> _Exercise objective_
Restate word for word the lines below from the one that has "Kapolres Pasaman Barat, AKBP" through the one that has "Slangendecor, slangendecor, harsdecor, bloemdecor", keeping both and dropping all pictures.

> _Supplied information_

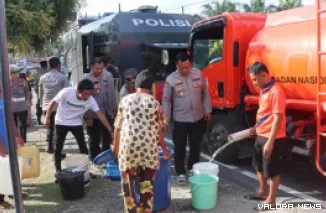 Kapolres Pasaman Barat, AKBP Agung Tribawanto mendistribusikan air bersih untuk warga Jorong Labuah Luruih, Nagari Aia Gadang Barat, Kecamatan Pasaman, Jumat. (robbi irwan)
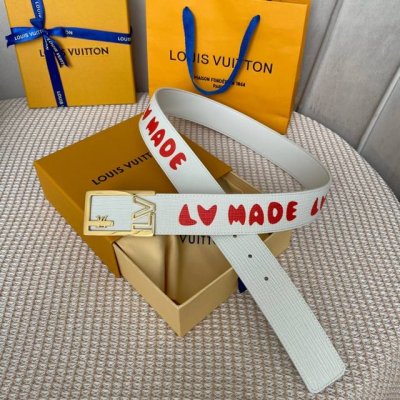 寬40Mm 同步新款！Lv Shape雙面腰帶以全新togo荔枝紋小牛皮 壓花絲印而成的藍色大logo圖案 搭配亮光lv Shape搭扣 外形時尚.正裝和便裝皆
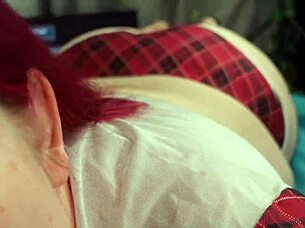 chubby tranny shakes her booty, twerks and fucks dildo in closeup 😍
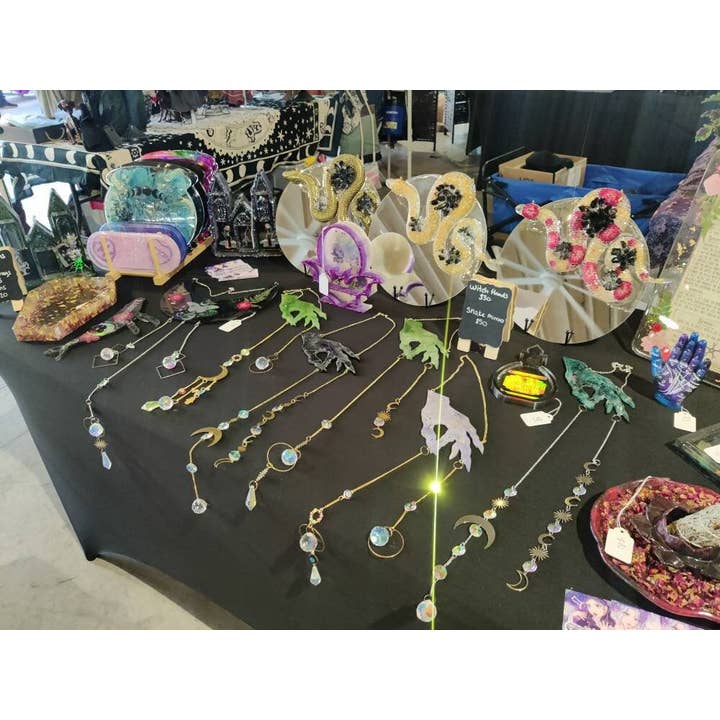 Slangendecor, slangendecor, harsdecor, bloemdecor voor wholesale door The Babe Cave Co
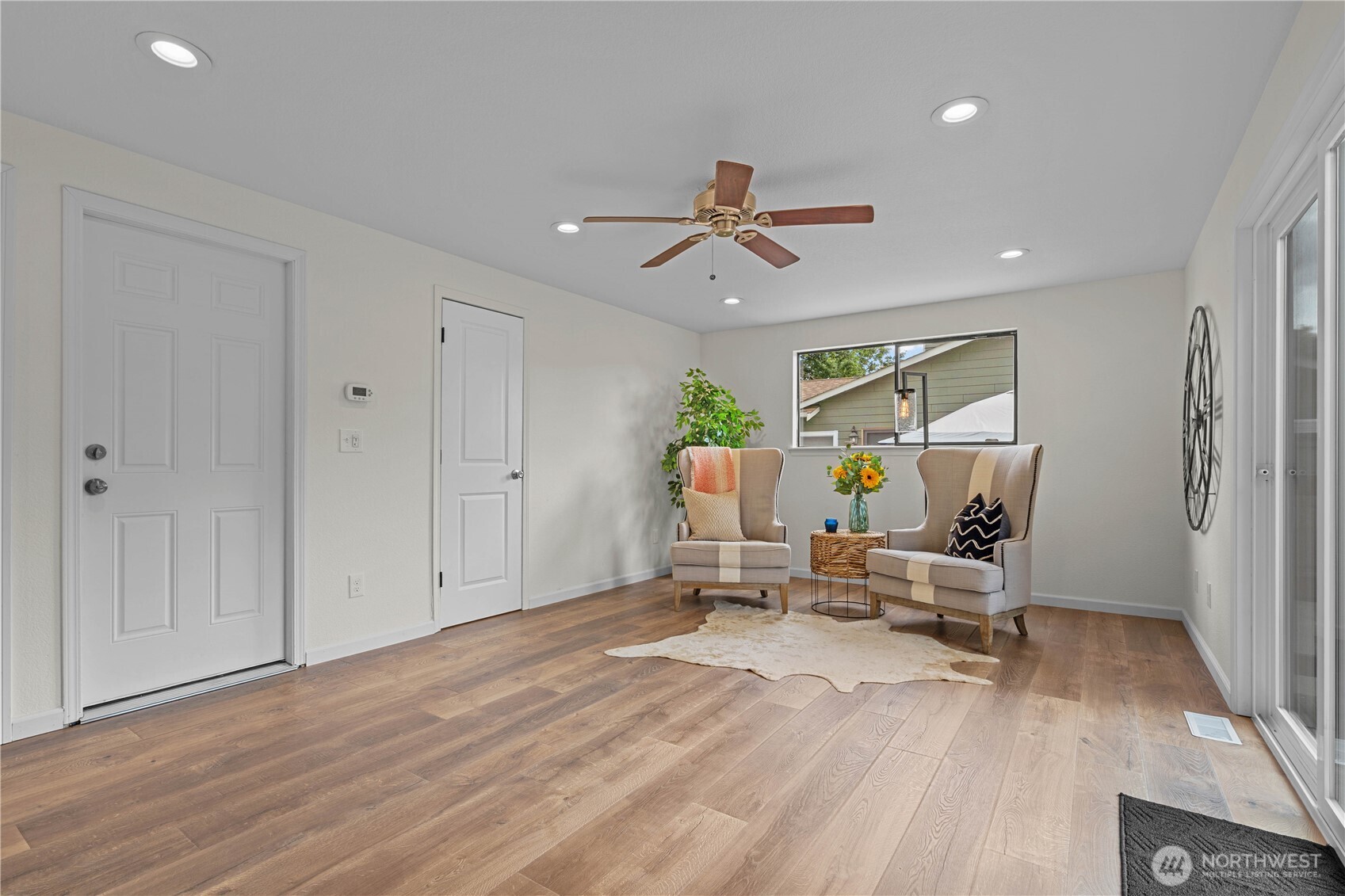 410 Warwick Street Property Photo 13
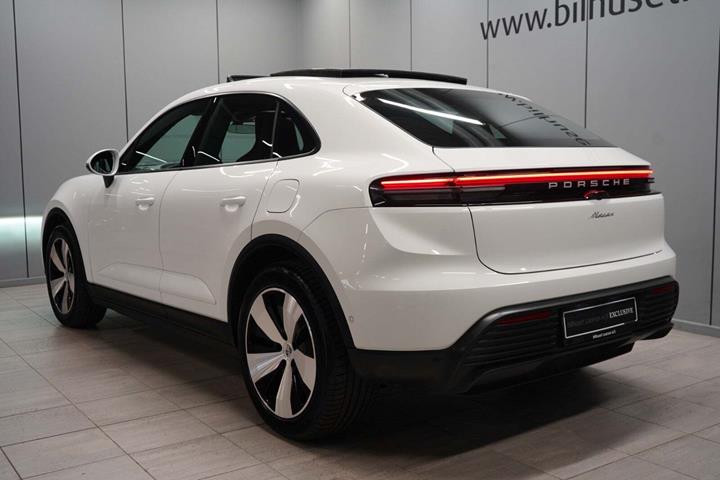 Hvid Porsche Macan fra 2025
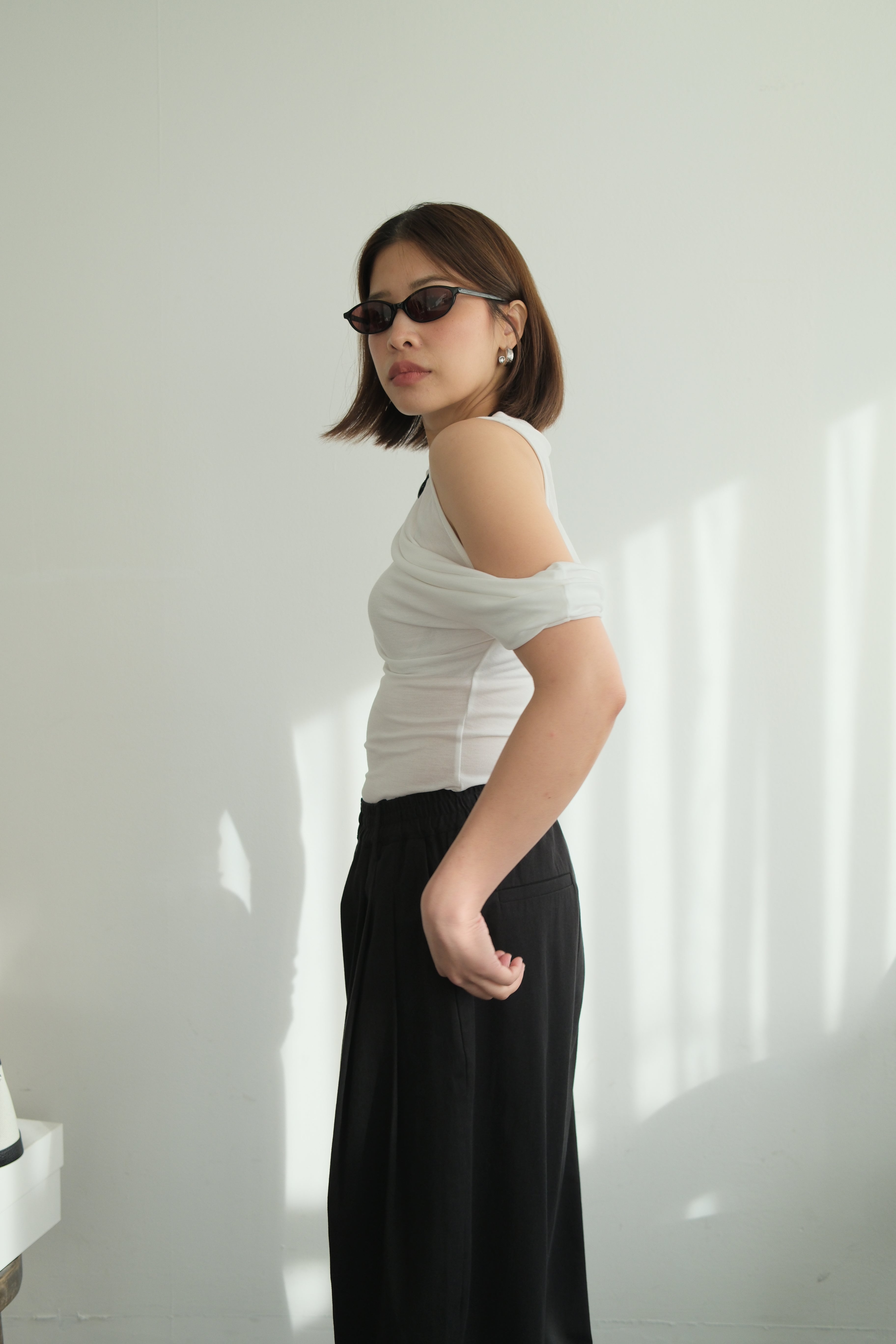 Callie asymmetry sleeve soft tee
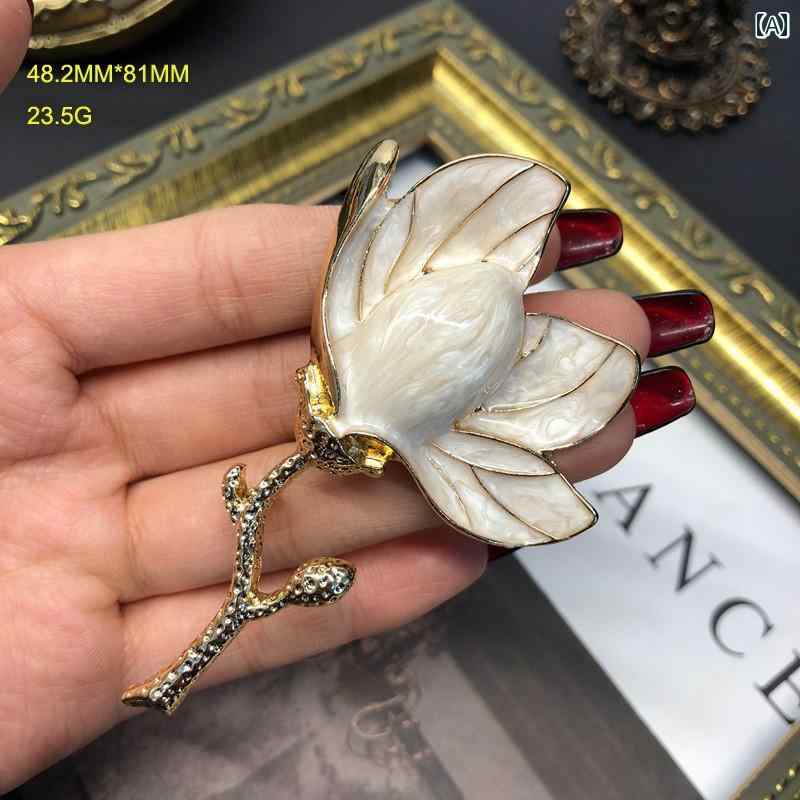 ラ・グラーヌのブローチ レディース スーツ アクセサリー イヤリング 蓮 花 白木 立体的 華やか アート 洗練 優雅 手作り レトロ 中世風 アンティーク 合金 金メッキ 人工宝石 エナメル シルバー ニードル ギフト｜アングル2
==
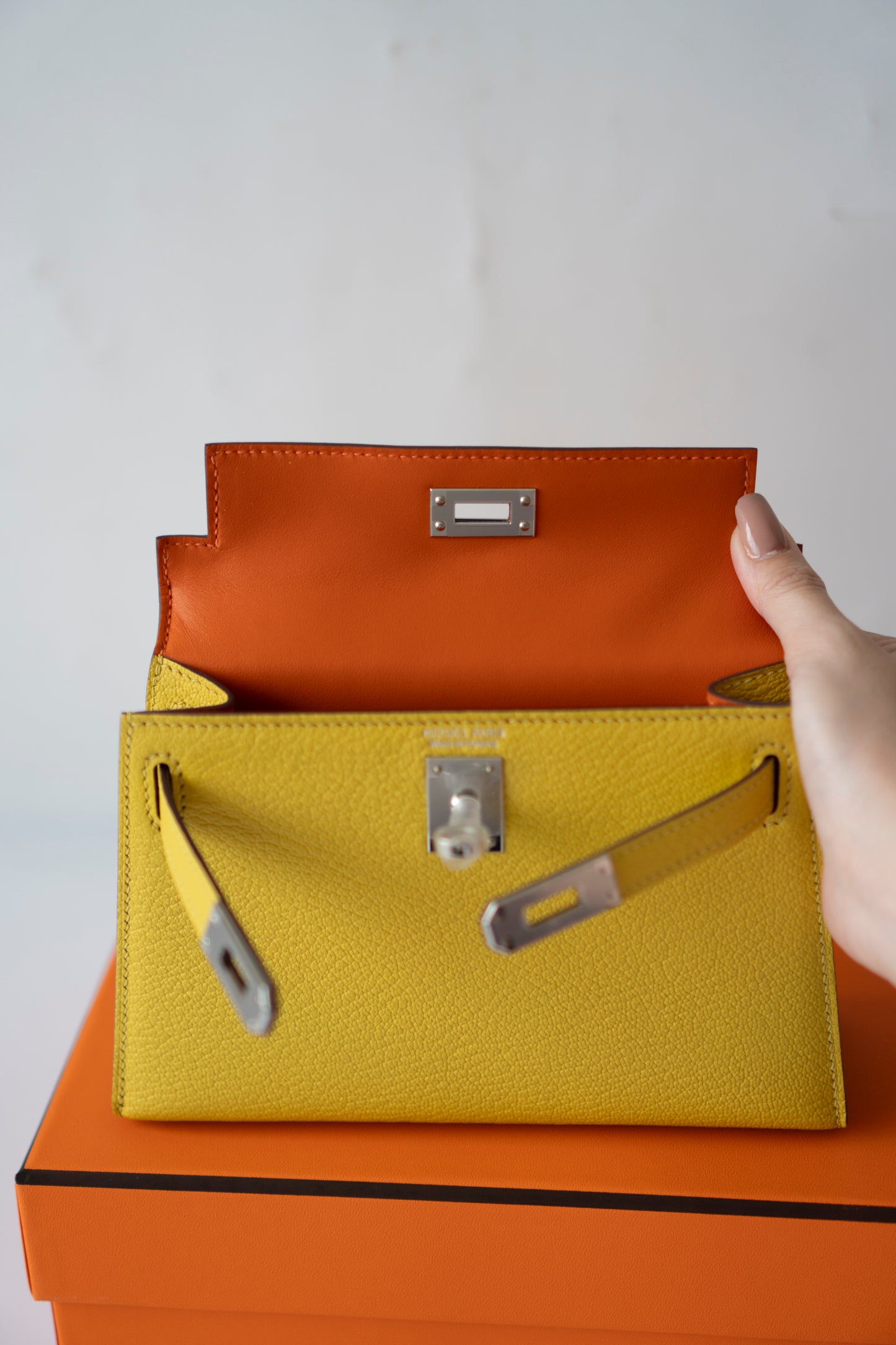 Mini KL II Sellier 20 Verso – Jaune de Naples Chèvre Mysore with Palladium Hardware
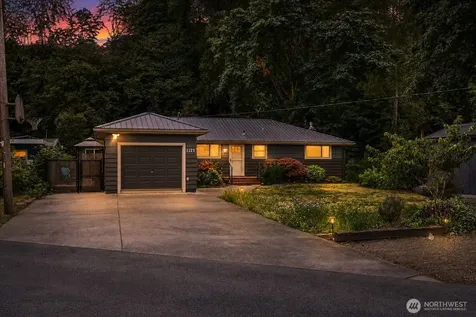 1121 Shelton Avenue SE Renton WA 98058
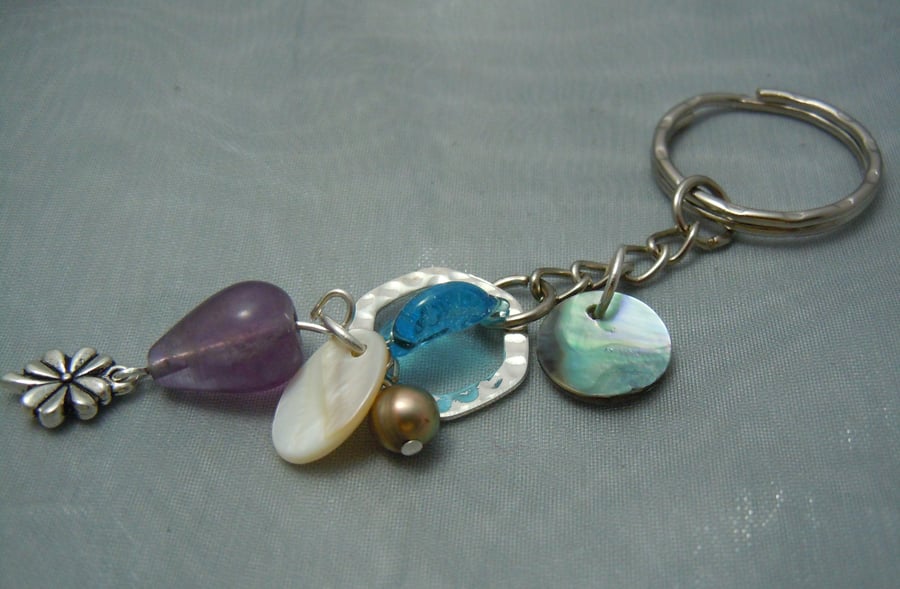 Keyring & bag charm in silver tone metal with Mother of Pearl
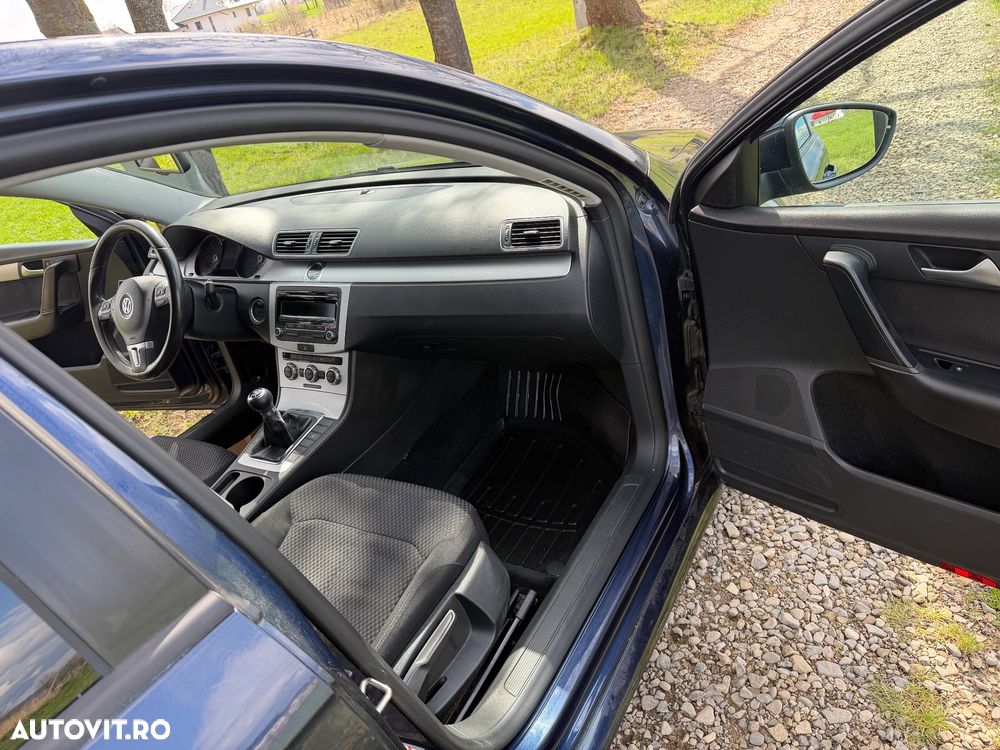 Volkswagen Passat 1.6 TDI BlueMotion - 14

> _Reply_
 Kapolres Pasaman Barat, AKBP Agung Tribawanto mendistribusikan air bersih untuk warga Jorong Labuah Luruih, Nagari Aia Gadang Barat, Kecamatan Pasaman, Jumat. (robbi irwan)
 寬40Mm 同步新款！Lv Shape雙面腰帶以全新togo荔枝紋小牛皮 壓花絲印而成的藍色大logo圖案 搭配亮光lv Shape搭扣 外形時尚.正裝和便裝皆
 chubby tranny shakes her booty, twerks and fucks dildo in closeup 😍
 Slangendecor, slangendecor, harsdecor, bloemdecor voor wholesale door The Babe Cave Co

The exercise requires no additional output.